**Supplied records:**
┌────────

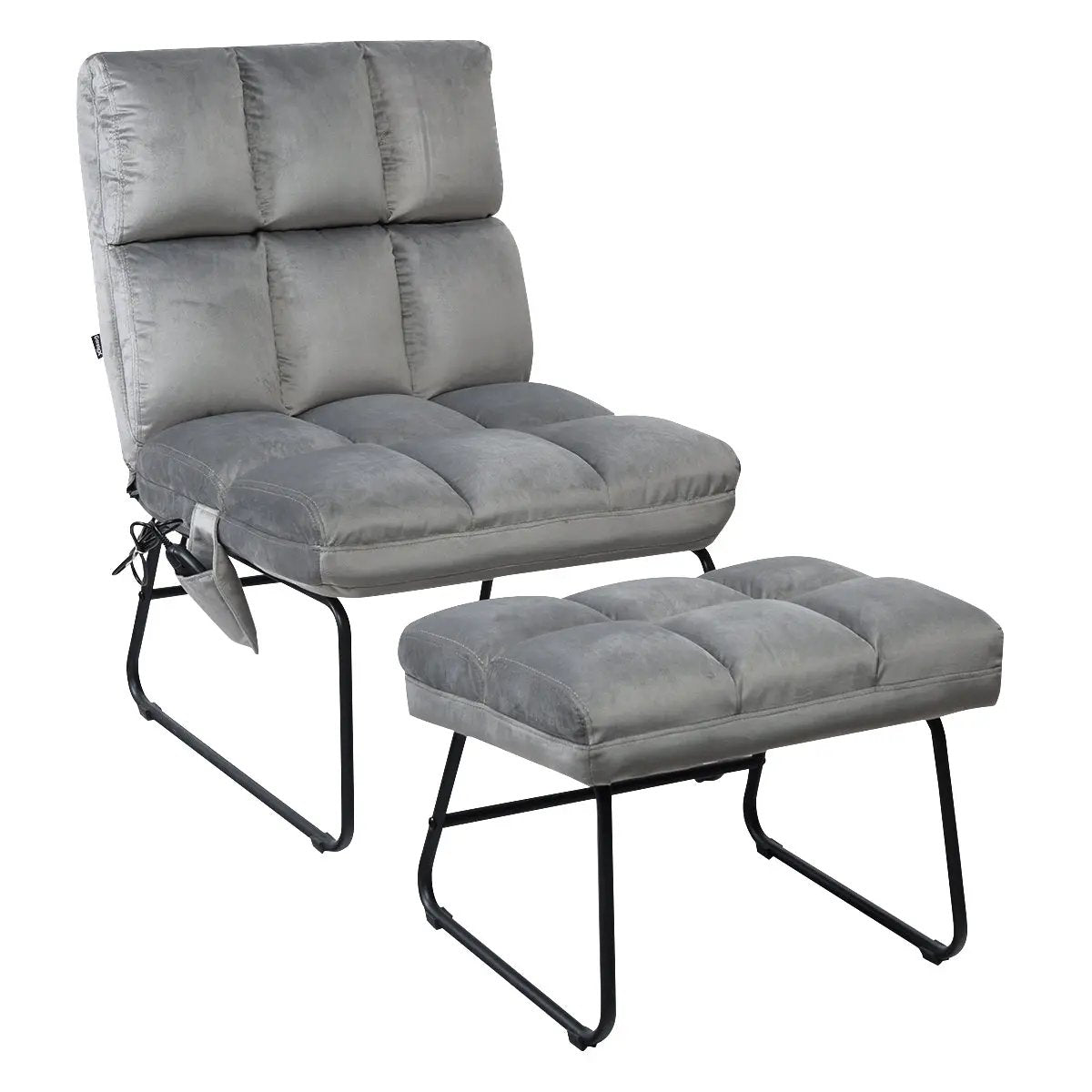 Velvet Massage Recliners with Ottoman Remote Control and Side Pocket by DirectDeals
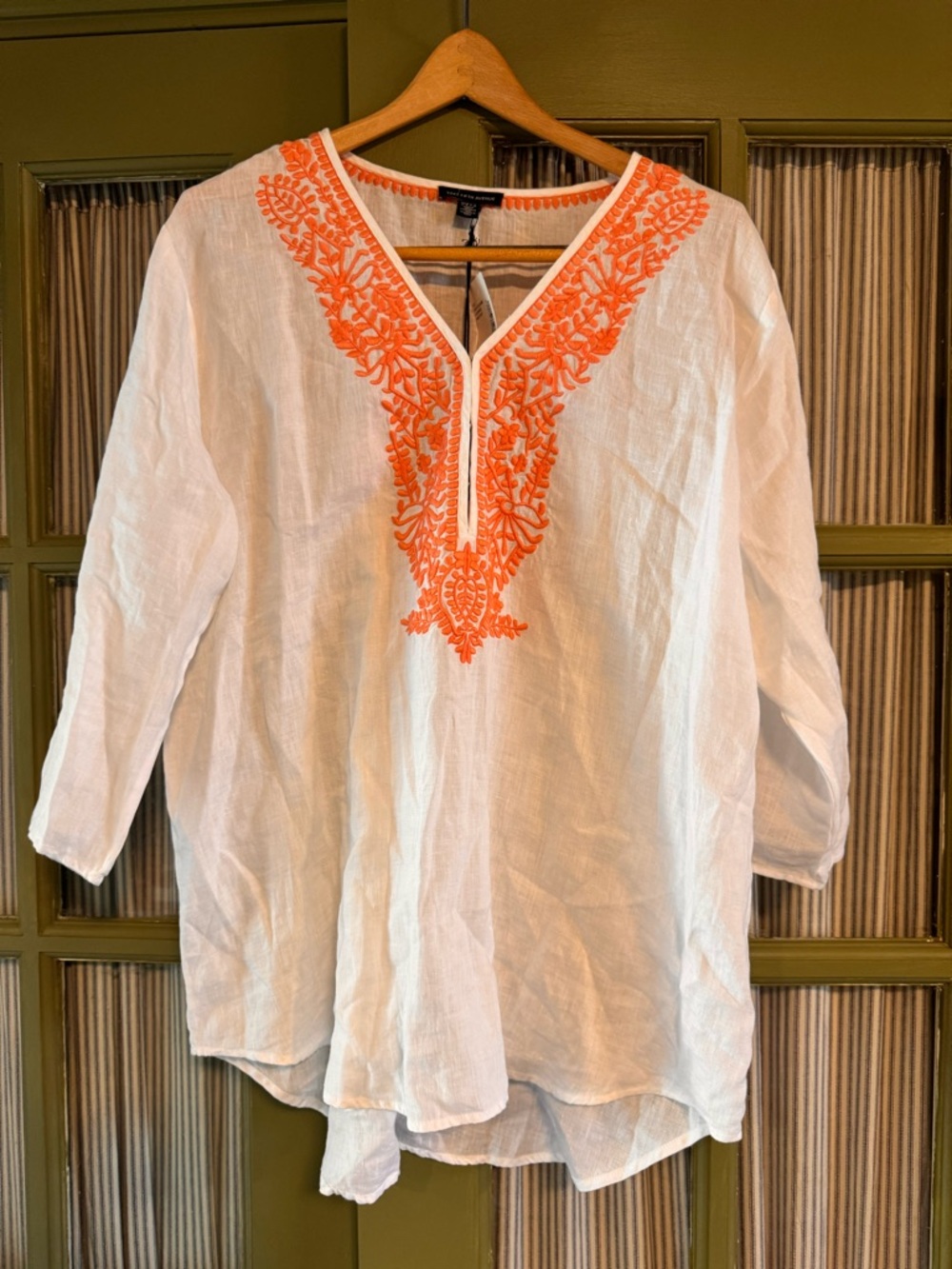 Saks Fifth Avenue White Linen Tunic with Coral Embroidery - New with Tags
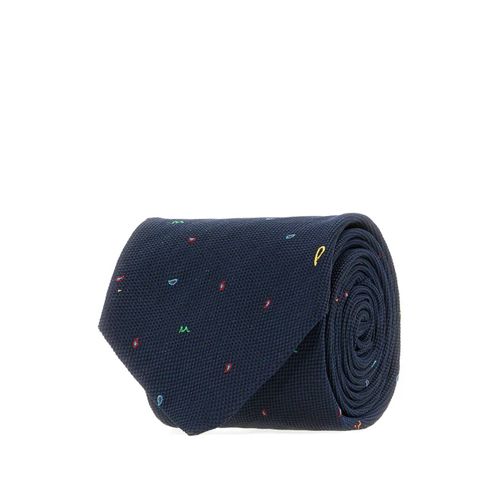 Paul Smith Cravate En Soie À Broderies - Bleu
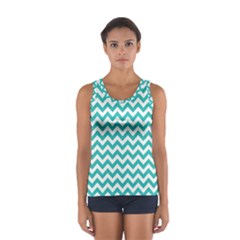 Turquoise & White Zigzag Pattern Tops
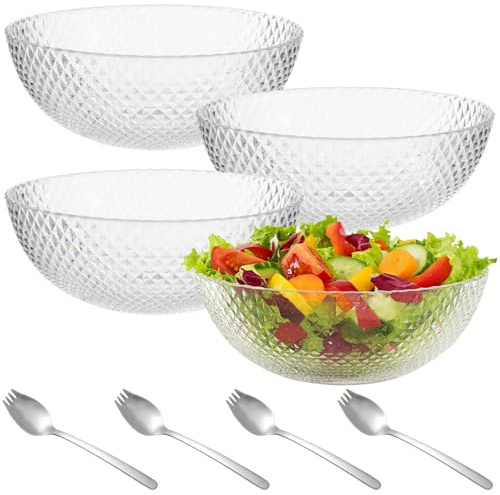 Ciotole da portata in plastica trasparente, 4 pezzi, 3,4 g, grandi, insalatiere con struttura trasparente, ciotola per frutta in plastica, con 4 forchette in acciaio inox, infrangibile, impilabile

└────────
┌────────

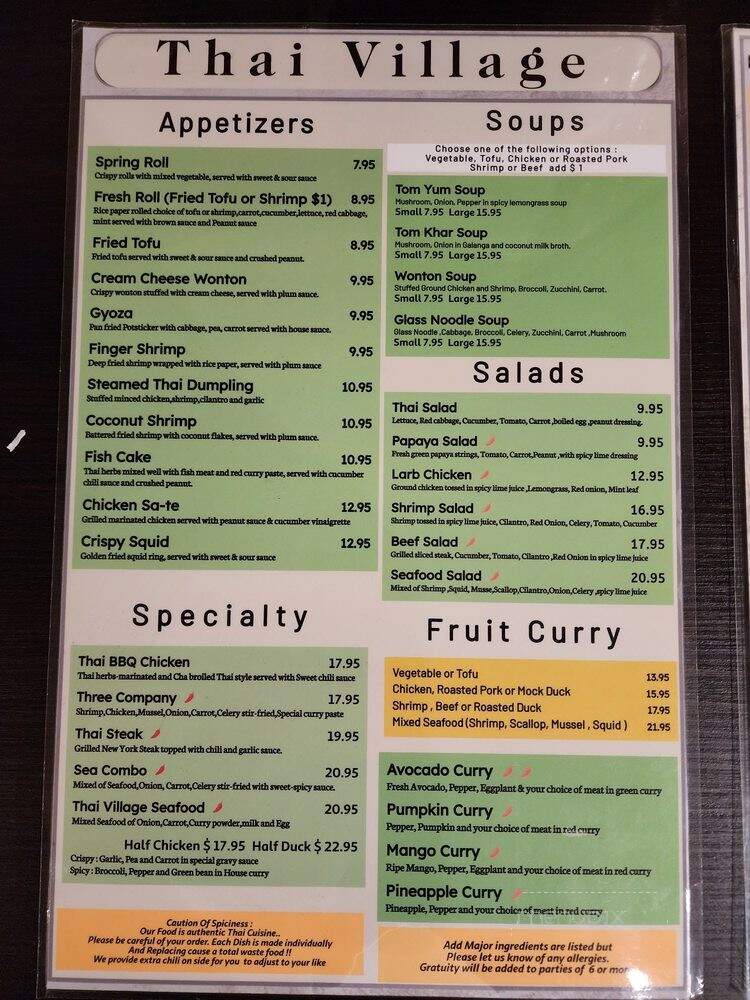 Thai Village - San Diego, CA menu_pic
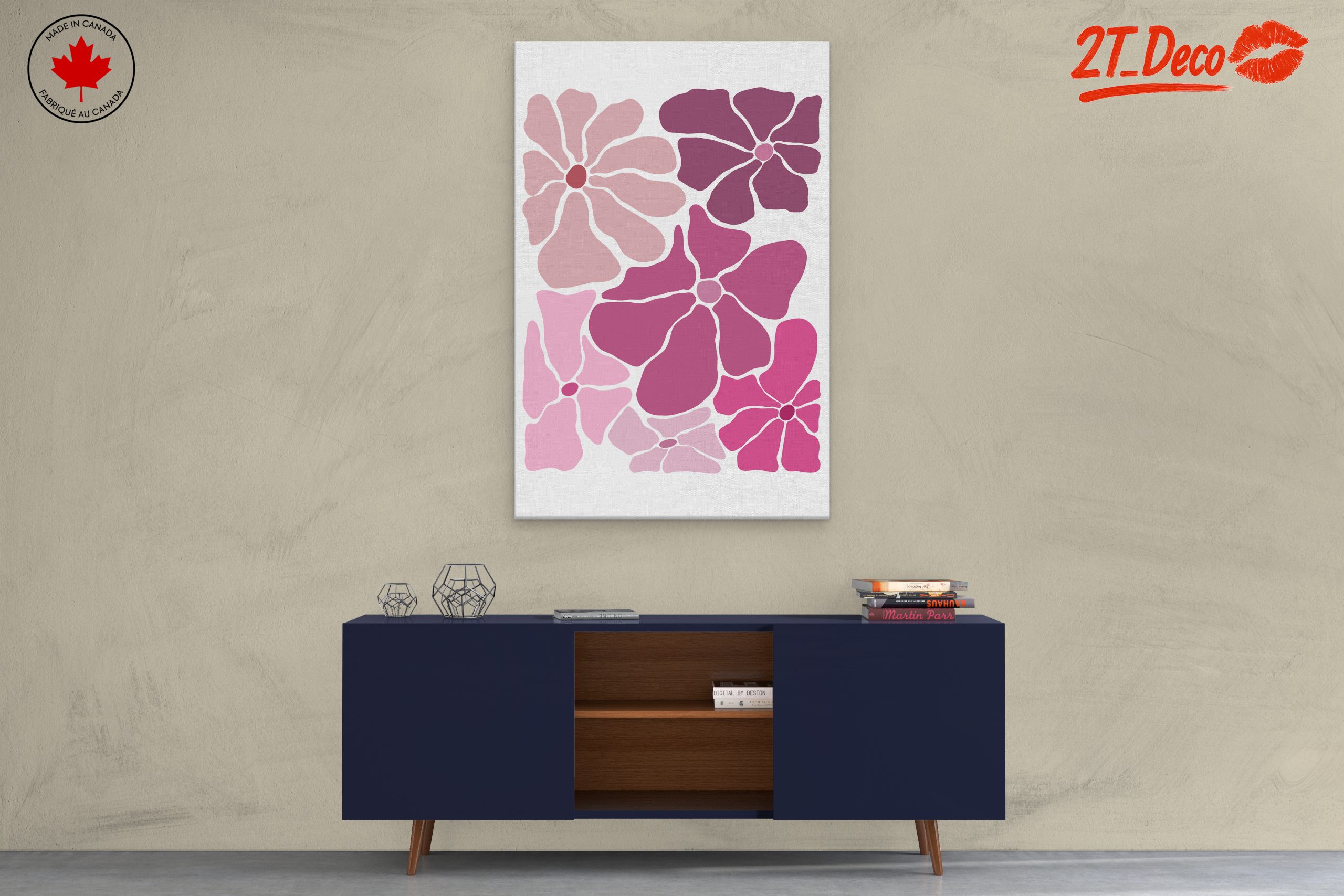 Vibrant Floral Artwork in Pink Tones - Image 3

└────────

**Work task:**
Within the listing above, the lines from the one with "Saks Fifth Avenue" through the one with "Turquoise & White Zigzag Pattern Tops" are to be given again word for word. Do not include pictures.

**Result:**
 Saks Fifth Avenue White Linen Tunic with Coral Embroidery - New with Tags
 Paul Smith Cravate En Soie À Broderies - Bleu
 Turquoise & White Zigzag Pattern Tops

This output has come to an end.